Then and Now: Parkmaster parking

Nov. 12—First Avenue Parking opened at 715 W. First Ave. in January 1957 as the first location with the patented Parkmaster system that used a massive elevator, which had a turntable inside to place cars on concrete shelves in a five-story parking garage. General Machinery Co., of Spokane, fabricated the machine which was designed by William J. Porter.

Ads for the garage touted the indoor weather protection where automation guaranteed no damage to your car. The company had incorporated in 1953.

Parkmaster was a few years behind the Pigeon Hole Parking automated parking garage that opened around 1950. That mechanism, invented by brothers Leo and Vaughn Sanders who had been inspired by the mechanical automation of the timber and milling industry, hydraulically lifted cars and placed them on open-air skeletal steel frames.

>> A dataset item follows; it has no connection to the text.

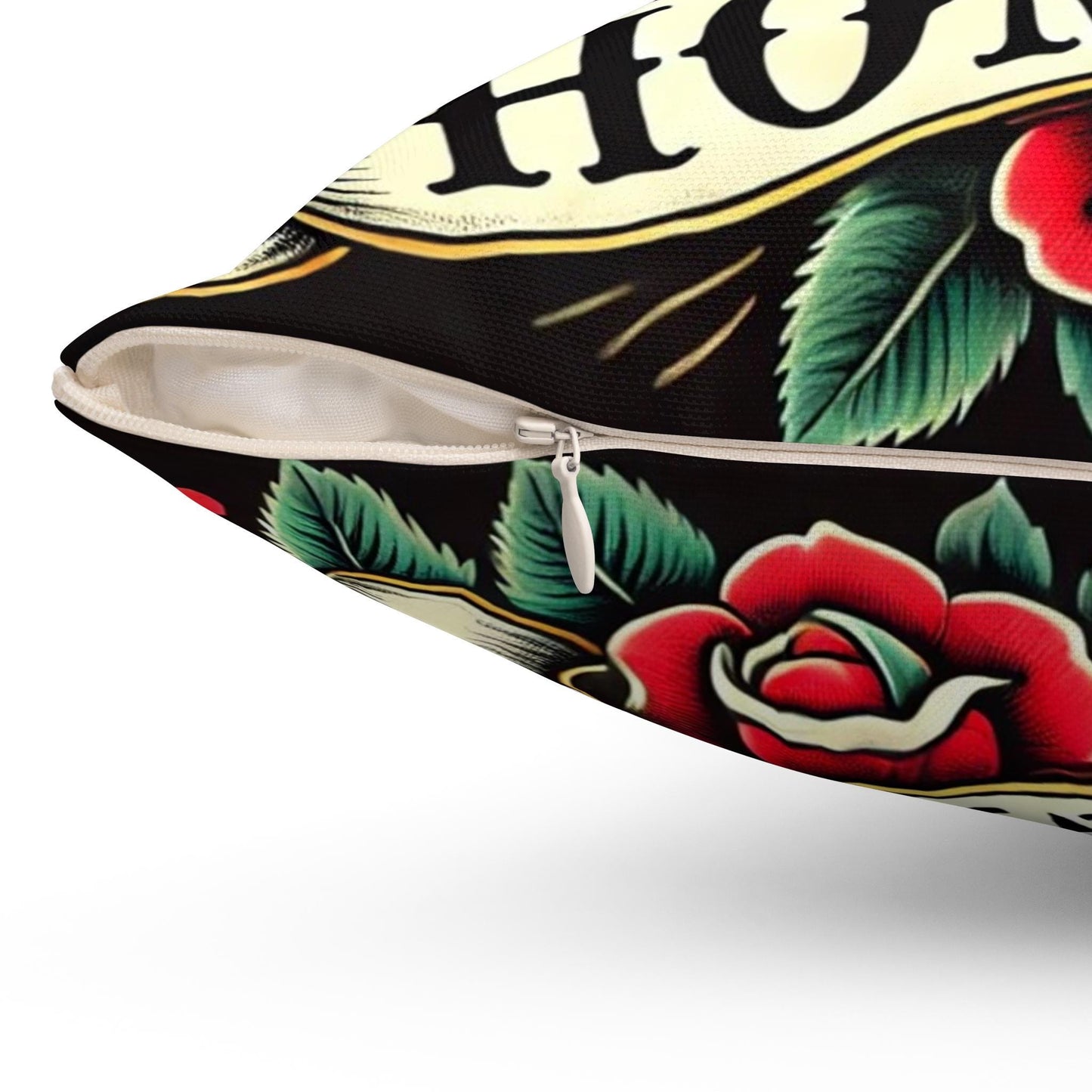 Square Pillow, Vintage Tattoo HOME Design, Retro Charm, Housewarming Gift, Spun Polyester Cushion Cover, Tattoo Lover, Soft Throw Pillow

The brothers claimed that spaces in a concrete garage would cost $1,200 each versus only $300 for a Pigeon Hole frame.

The first Pigeon Hole parking lot was at 22 N. Madison St. and was operated by the Fox Theater around the block. Pictures and stories of the mechanical parking garage had appeared in newspapers and magazines around the world. The Sanders brothers were quickly taking orders for units heading to Los Angeles, Phoenix, New York City and Chicago. They even fielded inquiries from Europe and South America.

Spokane would eventually have four Pigeon Hole Parking machines around the city. After the initial surge of interest, the Sanders' business began to slow in the 1960s. Breakdowns in the machinery could trap cars for hours or days.

Robert B. Hyslop, author of the city's architectural history "Spokane Building Blocks," described the Parkmaster as a single tower elevator that could push cars two-deep into each slot. And he said operators rode in a cab over the cars and could step out onto the car's roof if necessary. "My 1952 Hudson received a dent in its top from this cause and (I) never went back," he wrote later in his 1983 book.

Though the company claimed multiple units were under construction in 1957, they filed for bankruptcy in 1959. Hyslop said the sheet metal front of the building slowly came loose, and the machine eventually failed. The site was unused until it was incorporated into the new Desert Saharan Motor Inn in 1962.